Auckland's biggest real estate firm Barfoot & Thompson has been found guilty of unsatisfactory conduct relating to potential conflicts of interest involving its agents.

It follows a court process that saw the company mount repeated legal challenges to an adverse ruling made against it by the industry watchdog.

The case involved an internal Barfoot policy allowing agents buying property listed with the company to deal directly with sellers.

Barfoot director Peter Thompson says the company is reviewing the decision and will make changes where necessary to ensure the best interests of clients are being met.


A just-released Court of Appeal decision says Barfoot's policy was an "abdication of its primary responsibility" to its clients and amounted to unsatisfactory conduct.

"The policy leaves the client in the hands of a licensee whose objective as would-be purchaser necessarily conflicts with the best interest of the client as vendor", the decision states.

"Moreover, the licensee may be in possession of information that the client could reasonably expect to be confidential and to other material information that ought properly to be disclosed to the client."

The court raised the possibility of Barfoot licensees using confidential information to their advantage when trying to purchase property or failing to disclose other offers "which may be material to the price the client would accept".

It cited a 2012 transaction in Te Atatu when two Barfoot agents looking for an investment property purchased a property listed by two of their colleagues after a "team viewing".

The purchasers negotiated directly with the vendors, who revealed the level of previous interest in the property and the fact they were keen to sell before the current tenant left.

The agents eventually bought the property for $360,000 and received more than $5700 in commission.

Another case related to a Stanmore Bay property deal in which an agent who had just listed the property offered to buy it the next day.

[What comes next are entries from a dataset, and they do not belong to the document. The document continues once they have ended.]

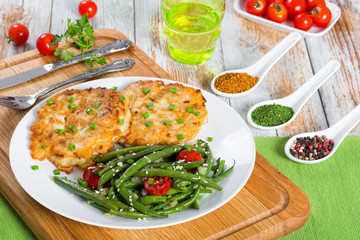 portion of meat fritters served with stew green beans
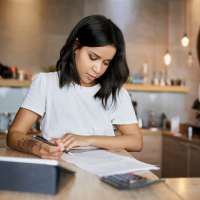 Woman looking over business loan papers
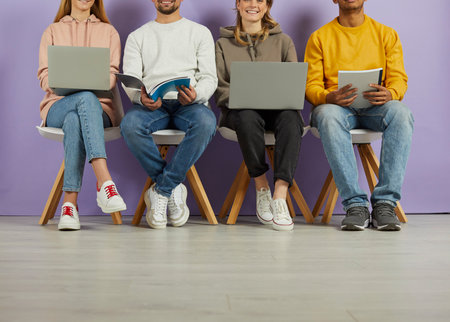 Young people use laptops and notebooks to prepare for lectures, exams and interviews. Legs of multiracial young students sitting in row on chairs on purple wall background. Low section.の写真素材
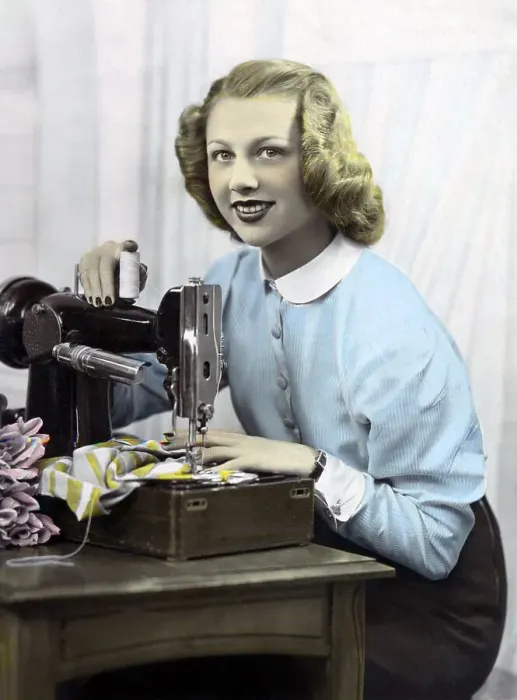 Framed Print : Seamstress, woman at sewing machine Framed Print : Seamstress, woman at sewing machine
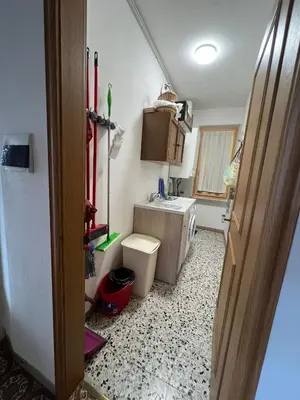 a small bathroom with a toilet and a sink at Il sole di Varena in Varena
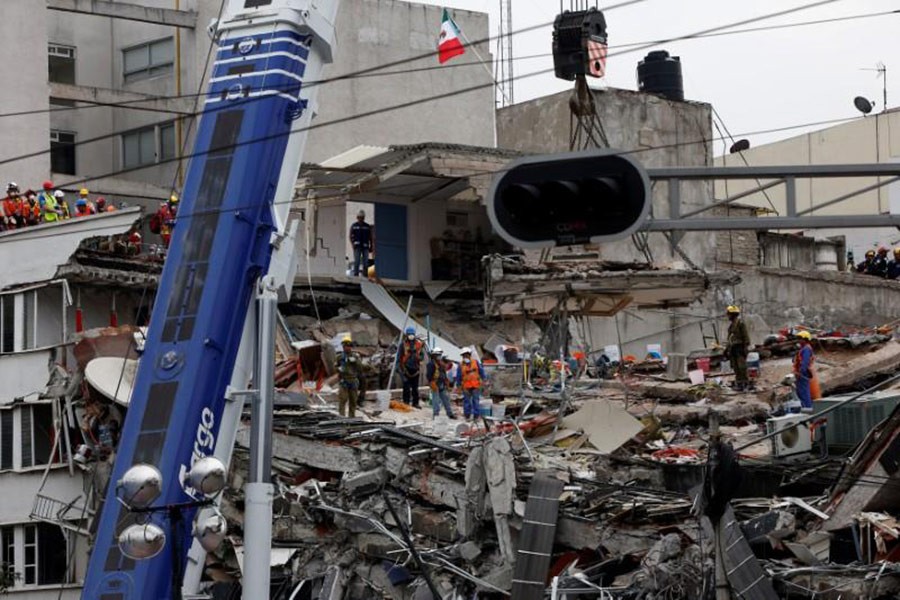 Rescue teams remove a platform as they search for survivors in a collapsed building after an earthquake at Roma neighborhood in Mexico City, Mexico on Saturday. - Reuters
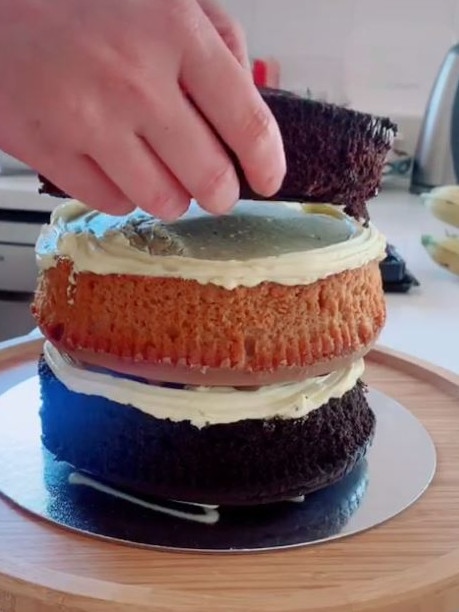 Then add the others with icing between the layers. Picture: TikTok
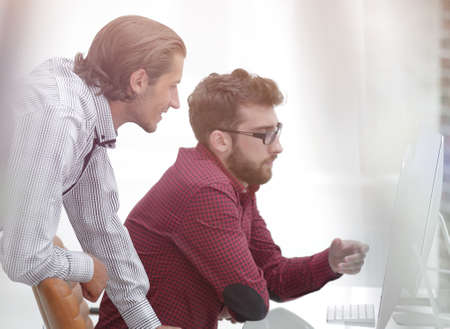 two Caucasian men working on a projectの写真素材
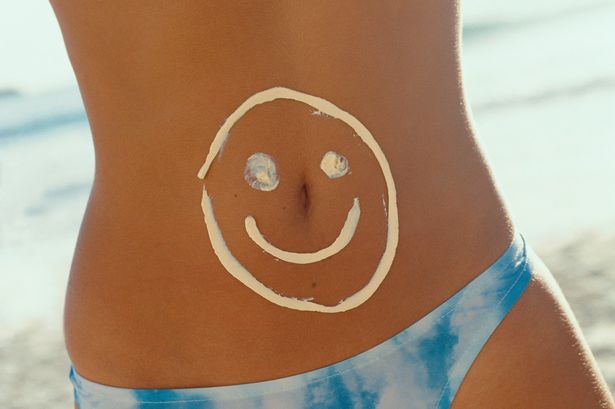 Woman with flat stomach on the beach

During negotiations, the vendor revealed to the agent she was under pressure to sell as the property she wanted to buy was subject to an escape clause that had been activated.
The property eventually sold for $376,000 and the agent who purchased the property received more than $5000 in commission.

Real Estate Agents Authority chief Kevin Lampen-Smith said the Court of Appeal decision found that Barfoot failed to act in the best interests of vendors when its agents, or a related person, wanted to buy a vendor's property.

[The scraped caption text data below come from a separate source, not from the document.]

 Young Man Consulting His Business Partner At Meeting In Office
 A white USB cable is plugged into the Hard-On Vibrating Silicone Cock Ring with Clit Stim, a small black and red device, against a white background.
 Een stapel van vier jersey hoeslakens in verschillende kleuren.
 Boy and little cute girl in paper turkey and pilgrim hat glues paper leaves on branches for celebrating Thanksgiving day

"As the agency's policy on commission was linked to involvement in sale negotiations, this meant the purchasing agent was getting an unearned discount on the price."

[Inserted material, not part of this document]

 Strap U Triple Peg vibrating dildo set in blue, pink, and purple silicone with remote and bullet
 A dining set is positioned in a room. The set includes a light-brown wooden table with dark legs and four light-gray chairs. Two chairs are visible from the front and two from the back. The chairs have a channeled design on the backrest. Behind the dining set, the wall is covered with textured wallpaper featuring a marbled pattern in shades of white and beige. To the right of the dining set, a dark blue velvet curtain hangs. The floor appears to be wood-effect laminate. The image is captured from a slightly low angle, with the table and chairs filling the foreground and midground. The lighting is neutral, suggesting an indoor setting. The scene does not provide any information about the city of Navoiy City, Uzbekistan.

The unsatisfactory conduct ruling was initially made by the authority's complaints assessment committee following two complaints in 2013. The committee censured Barfoot, ordered a refund of fees of $5000 to two complainants and fined the company $2500.

Barfoot unsuccessfully appealed the decision to the Real Estate Agents Disciplinary Tribunal and then the High Court in 2014.

Mr Lampen-Smith said the committee's original decision had endured "rigorous scrutiny" through the protracted appeal process.

Mr Thompson said the company was still going through the decision and seeking advice.

"We want to understand the ramification of the appeal before any decision is made. There may be areas where we need to change our policy and if so we will."

He was confident the company was fulfilling its conflict of interest obligations to clients and acting in the best interests of vendors.

The court decision orders Barfoot to pay costs to the REAA.

It says it is up to the company to determine "in light of this judgment how best to meet its responsibilities to the vendor" in similar cases.

Barfoot compliance manager Max House said Barfoot had used a vendor consent form prescribed under the act for the past 40 years in cases where licensees acquired property.

"Until this case, there had been no prior warning that the form was not sufficient to achieve the purpose for which it was intended. That, together with the provision of a valuation by a registered valuer, at the expense of the licensee acquiring the land, was thought to give sufficient protection to vendors, who had a right to avoid the contract if the price was less than the valuation."

The court's decision provided clarity for the industry and Barfoot & Thompson would ensure it reviewed its practices accordingly, Mr House said.